# What the task asks:
Could the records be returned exactly, with the pictures left out?

### Data for the task

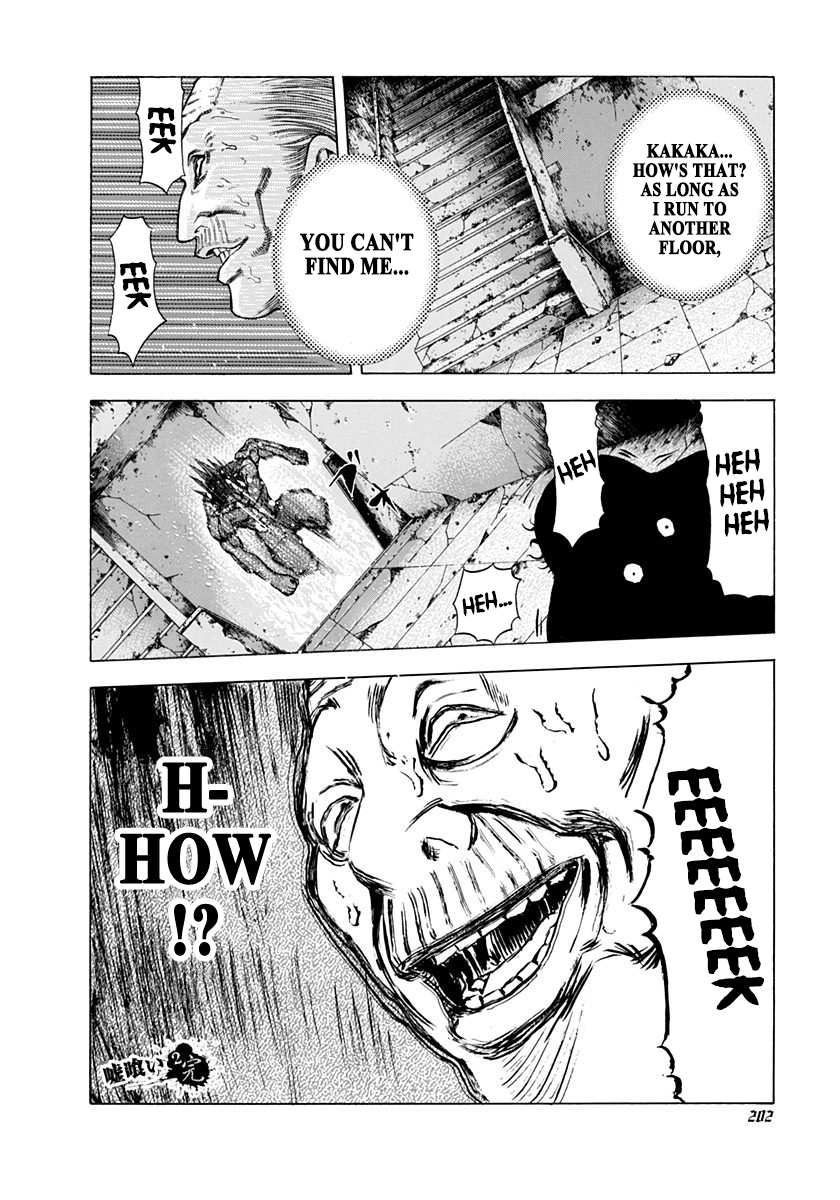 Read Usogui (en) Manga Online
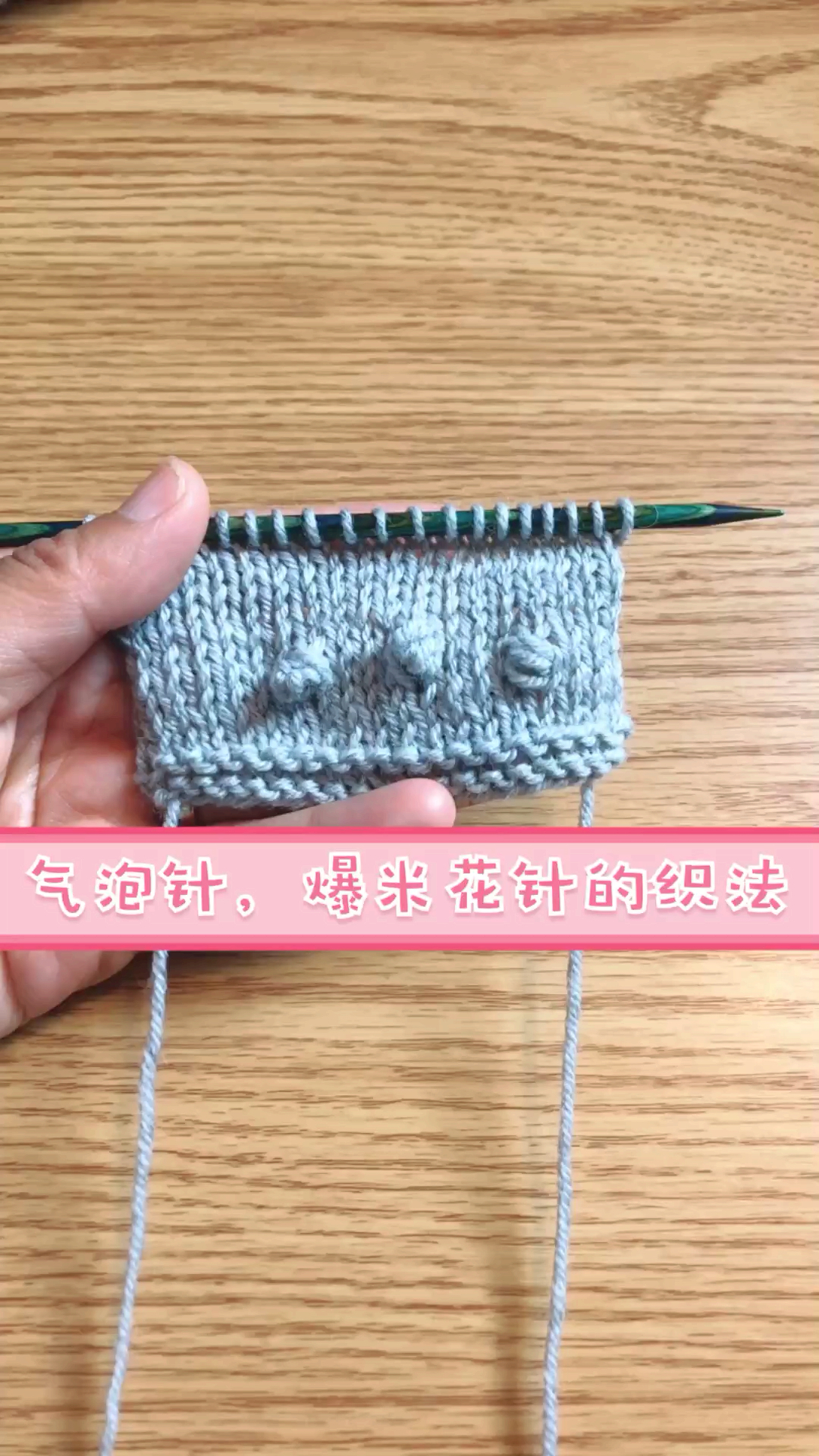 #夏天就要这么过#三种小豆豆的织法,总有一种你喜欢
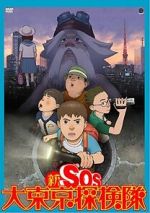 Watch Shin SOS dai Tôkyô tankentai Myflixer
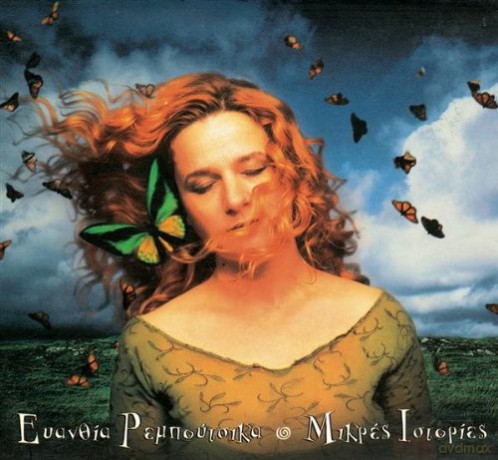 Evanthia Rempoutsika-Mikres Istories [CD]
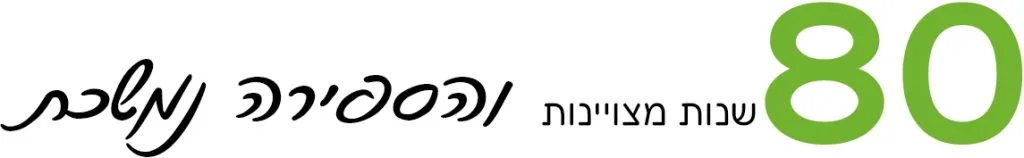 80 שנות מצויינות והספירה נמשכת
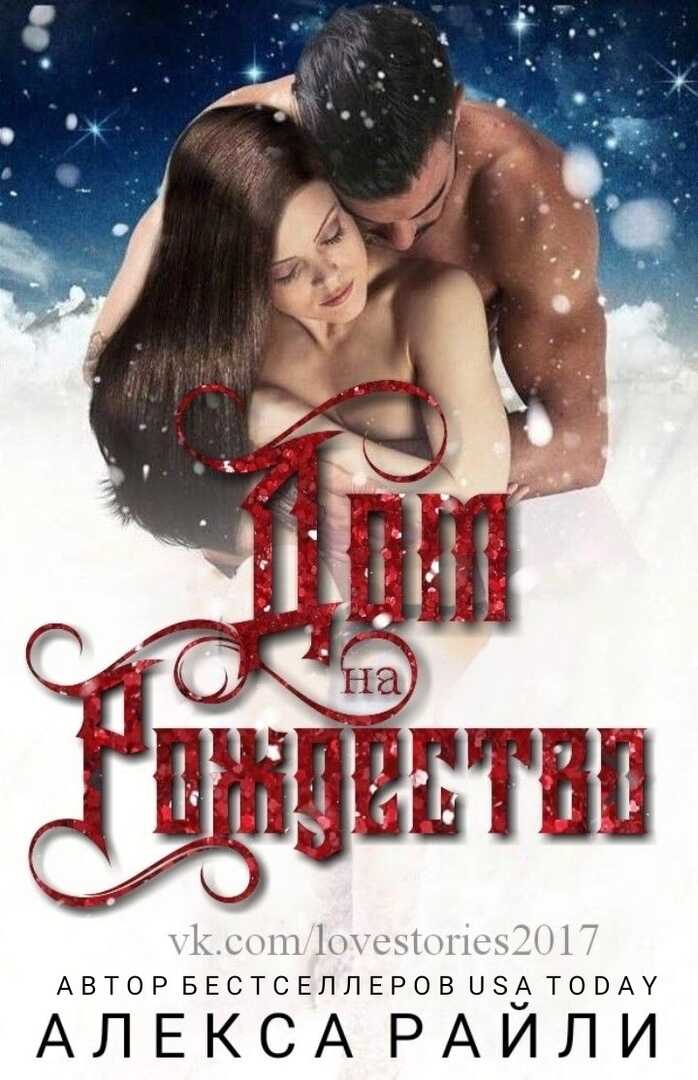 Дом на Рождество - Алекса Райли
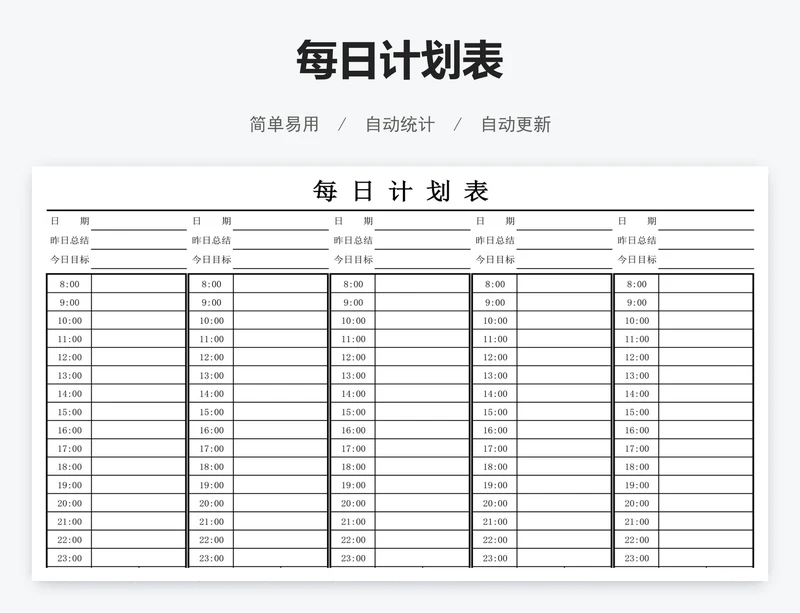 每日计划表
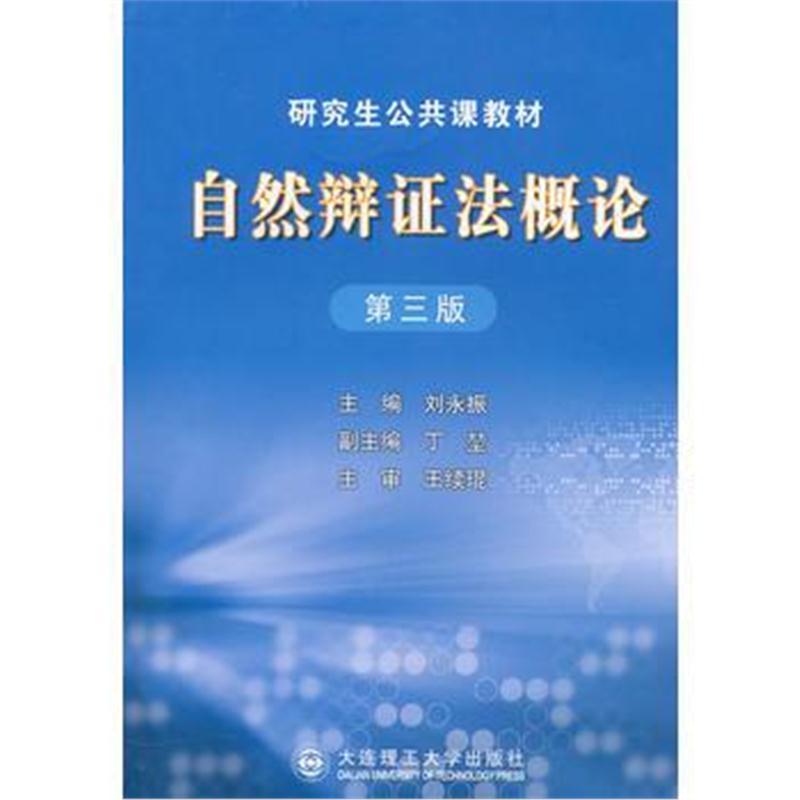 全新正版 自然辩证法概论(第三版)(研究生公共课教材)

######

# Finished exercise:
 Read Usogui (en) Manga Online
 #夏天就要这么过#三种小豆豆的织法,总有一种你喜欢
 Watch Shin SOS dai Tôkyô tankentai Myflixer
 Evanthia Rempoutsika-Mikres Istories [CD]
 80 שנות מצויינות והספירה נמשכת
 Дом на Рождество - Алекса Райли
 每日计划表
 全新正版 自然辩证法概论(第三版)(研究生公共课教材)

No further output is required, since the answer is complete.